= Task instructions =
Using the records below, output the stretch that opens with the line containing "Hadeya 300 cm" and closes with the line containing "Caramelle Halloween Haribo 20 mini buste", exactly and including both lines, with nothing more.

************

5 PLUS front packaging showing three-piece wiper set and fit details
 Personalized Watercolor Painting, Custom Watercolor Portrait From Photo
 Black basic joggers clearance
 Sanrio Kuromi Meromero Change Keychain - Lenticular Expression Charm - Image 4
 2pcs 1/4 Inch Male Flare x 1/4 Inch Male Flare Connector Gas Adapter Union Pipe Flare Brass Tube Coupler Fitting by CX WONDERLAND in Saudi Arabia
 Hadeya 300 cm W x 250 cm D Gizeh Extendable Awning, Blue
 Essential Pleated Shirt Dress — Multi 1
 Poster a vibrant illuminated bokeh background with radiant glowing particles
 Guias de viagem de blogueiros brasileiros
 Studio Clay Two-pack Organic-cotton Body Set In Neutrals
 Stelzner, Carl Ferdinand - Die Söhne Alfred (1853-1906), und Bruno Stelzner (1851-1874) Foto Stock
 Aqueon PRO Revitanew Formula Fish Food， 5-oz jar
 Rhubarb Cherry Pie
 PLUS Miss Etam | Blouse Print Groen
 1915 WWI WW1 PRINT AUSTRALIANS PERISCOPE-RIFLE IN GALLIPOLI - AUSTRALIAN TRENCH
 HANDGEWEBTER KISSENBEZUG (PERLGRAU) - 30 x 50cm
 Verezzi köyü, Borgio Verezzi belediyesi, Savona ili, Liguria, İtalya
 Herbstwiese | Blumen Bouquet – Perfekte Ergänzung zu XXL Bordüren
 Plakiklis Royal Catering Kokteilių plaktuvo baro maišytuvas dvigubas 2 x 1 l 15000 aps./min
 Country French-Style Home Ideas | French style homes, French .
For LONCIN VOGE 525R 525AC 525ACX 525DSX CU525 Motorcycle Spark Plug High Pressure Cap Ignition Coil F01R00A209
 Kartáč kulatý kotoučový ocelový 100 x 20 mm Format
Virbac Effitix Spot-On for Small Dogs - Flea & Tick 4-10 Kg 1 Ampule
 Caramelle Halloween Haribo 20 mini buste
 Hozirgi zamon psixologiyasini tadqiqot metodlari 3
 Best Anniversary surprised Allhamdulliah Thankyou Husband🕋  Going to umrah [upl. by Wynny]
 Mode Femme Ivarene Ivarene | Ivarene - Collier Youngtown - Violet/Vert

************

= Output for this exercise =
 Hadeya 300 cm W x 250 cm D Gizeh Extendable Awning, Blue
 Essential Pleated Shirt Dress — Multi 1
 Poster a vibrant illuminated bokeh background with radiant glowing particles
 Guias de viagem de blogueiros brasileiros
 Studio Clay Two-pack Organic-cotton Body Set In Neutrals
 Stelzner, Carl Ferdinand - Die Söhne Alfred (1853-1906), und Bruno Stelzner (1851-1874) Foto Stock
 Aqueon PRO Revitanew Formula Fish Food， 5-oz jar
 Rhubarb Cherry Pie
 PLUS Miss Etam | Blouse Print Groen
 1915 WWI WW1 PRINT AUSTRALIANS PERISCOPE-RIFLE IN GALLIPOLI - AUSTRALIAN TRENCH
 HANDGEWEBTER KISSENBEZUG (PERLGRAU) - 30 x 50cm
 Verezzi köyü, Borgio Verezzi belediyesi, Savona ili, Liguria, İtalya
 Herbstwiese | Blumen Bouquet – Perfekte Ergänzung zu XXL Bordüren
 Plakiklis Royal Catering Kokteilių plaktuvo baro maišytuvas dvigubas 2 x 1 l 15000 aps./min
 Country French-Style Home Ideas | French style homes, French .
For LONCIN VOGE 525R 525AC 525ACX 525DSX CU525 Motorcycle Spark Plug High Pressure Cap Ignition Coil F01R00A209
 Kartáč kulatý kotoučový ocelový 100 x 20 mm Format
Virbac Effitix Spot-On for Small Dogs - Flea & Tick 4-10 Kg 1 Ampule
 Caramelle Halloween Haribo 20 mini buste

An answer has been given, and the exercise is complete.